• _What you should do_:
Print each line exactly, from the one with "COLUNA GROIS –" to the very last line of the listing, and keep the pictures out.

• _Collected material_:
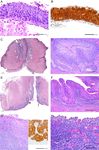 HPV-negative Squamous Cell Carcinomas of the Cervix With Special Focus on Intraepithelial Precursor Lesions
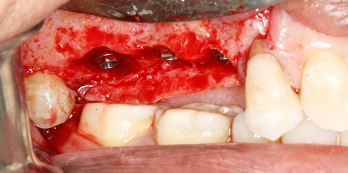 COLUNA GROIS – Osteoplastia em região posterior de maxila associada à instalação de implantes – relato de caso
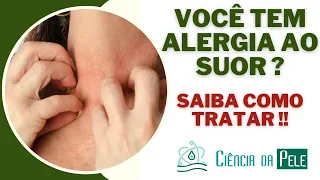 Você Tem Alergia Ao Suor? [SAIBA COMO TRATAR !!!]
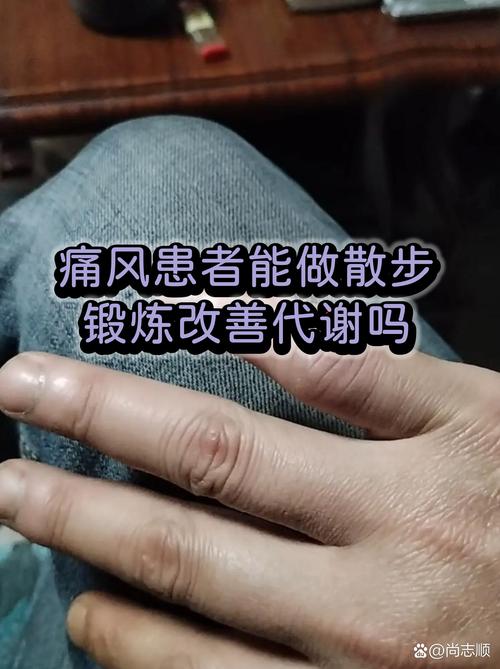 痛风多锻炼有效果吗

• _Task solution_:
 COLUNA GROIS – Osteoplastia em região posterior de maxila associada à instalação de implantes – relato de caso
 Você Tem Alergia Ao Suor? [SAIBA COMO TRATAR !!!]
 痛风多锻炼有效果吗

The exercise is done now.